*** Data for processing ***

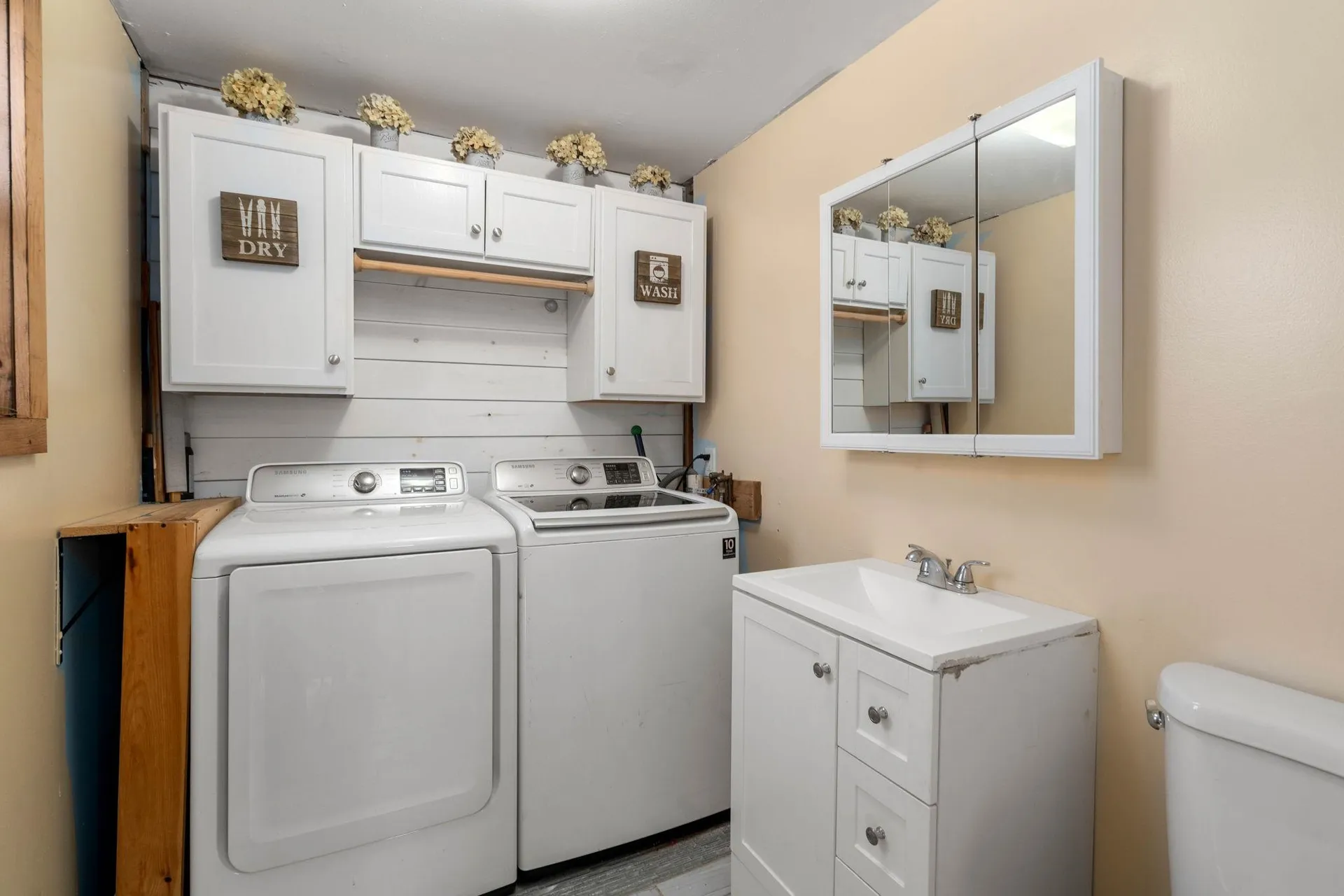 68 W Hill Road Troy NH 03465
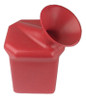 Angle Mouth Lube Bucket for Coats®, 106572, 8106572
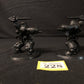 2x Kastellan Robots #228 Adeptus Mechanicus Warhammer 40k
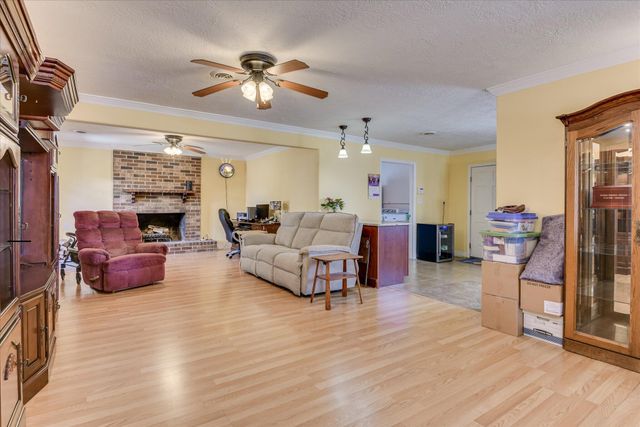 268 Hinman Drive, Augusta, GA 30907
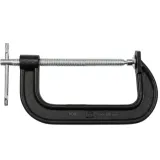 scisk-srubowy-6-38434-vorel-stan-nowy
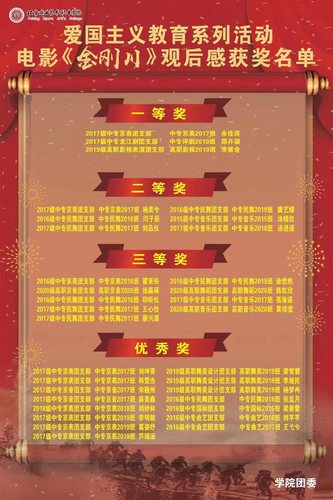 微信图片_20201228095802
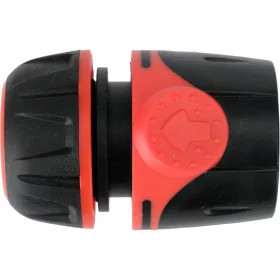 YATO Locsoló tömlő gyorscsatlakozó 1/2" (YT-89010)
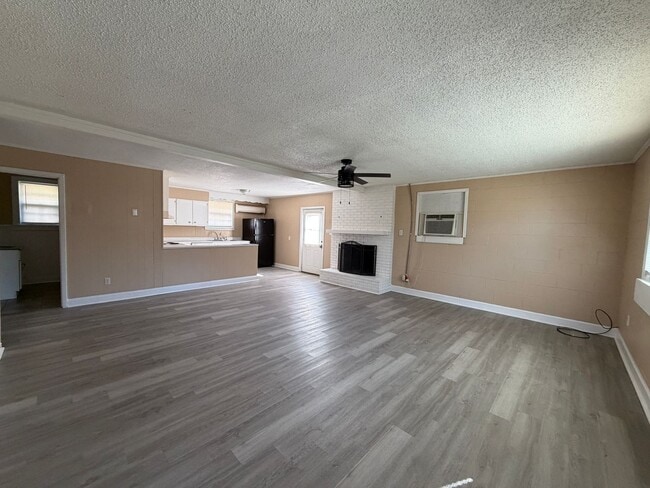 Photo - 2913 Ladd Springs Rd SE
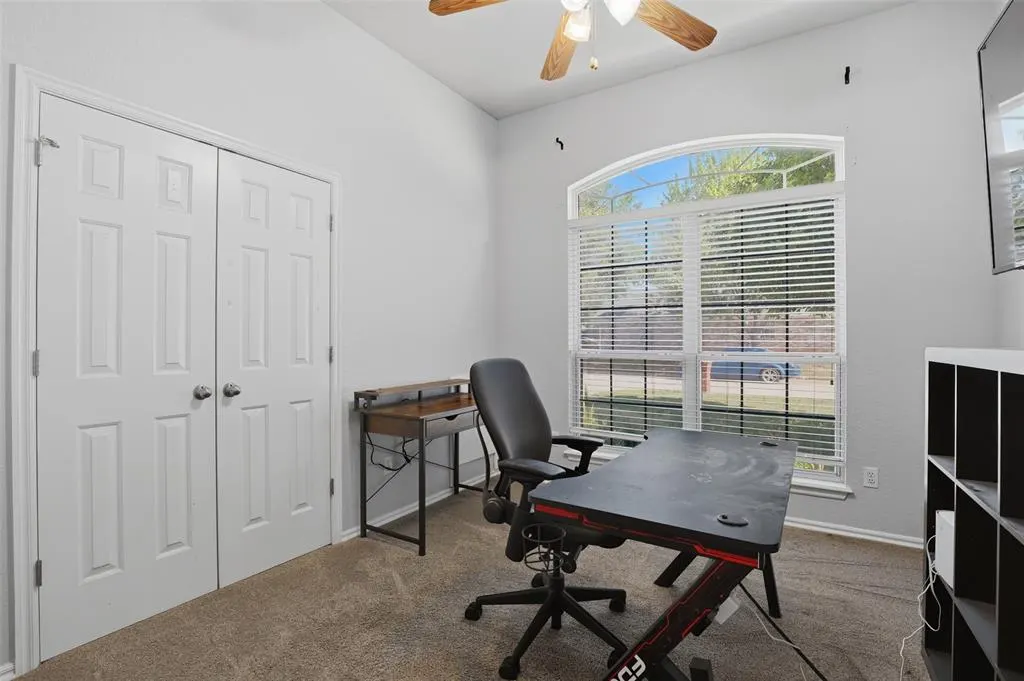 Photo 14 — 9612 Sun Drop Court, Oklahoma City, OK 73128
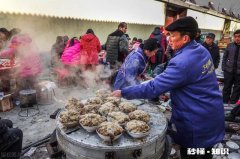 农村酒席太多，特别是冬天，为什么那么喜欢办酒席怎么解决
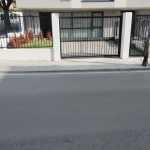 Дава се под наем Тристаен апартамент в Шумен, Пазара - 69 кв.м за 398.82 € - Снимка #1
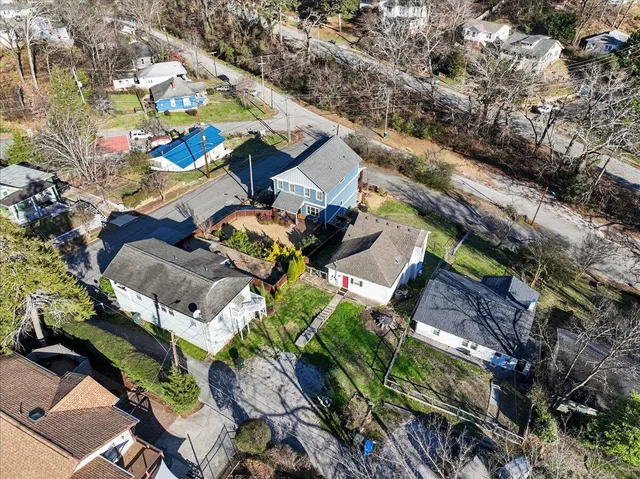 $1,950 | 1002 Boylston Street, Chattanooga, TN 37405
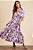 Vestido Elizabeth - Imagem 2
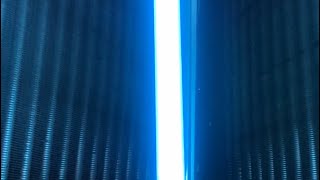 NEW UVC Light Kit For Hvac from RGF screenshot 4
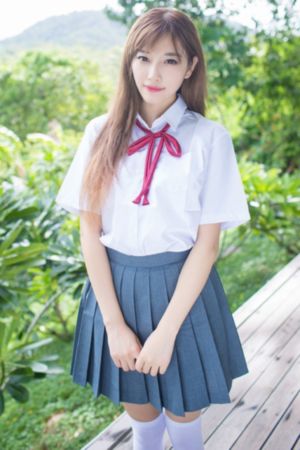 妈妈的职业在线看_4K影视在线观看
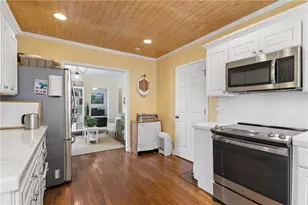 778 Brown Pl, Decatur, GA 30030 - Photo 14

*** End of Data for processing ***

The task — From the records above, copy exactly the stretch from the line holding "scisk-srubowy-6-38434-vorel-stan-nowy" through the line holding "妈妈的职业在线看_4K影视在线观看", both ends included, without the pictures.

Reply —
 scisk-srubowy-6-38434-vorel-stan-nowy
 微信图片_20201228095802
 YATO Locsoló tömlő gyorscsatlakozó 1/2" (YT-89010)
 Photo - 2913 Ladd Springs Rd SE
 Photo 14 — 9612 Sun Drop Court, Oklahoma City, OK 73128
 农村酒席太多，特别是冬天，为什么那么喜欢办酒席怎么解决
 Дава се под наем Тристаен апартамент в Шумен, Пазара - 69 кв.м за 398.82 € - Снимка #1
 $1,950 | 1002 Boylston Street, Chattanooga, TN 37405
 Vestido Elizabeth - Imagem 2
 NEW UVC Light Kit For Hvac from RGF screenshot 4
 妈妈的职业在线看_4K影视在线观看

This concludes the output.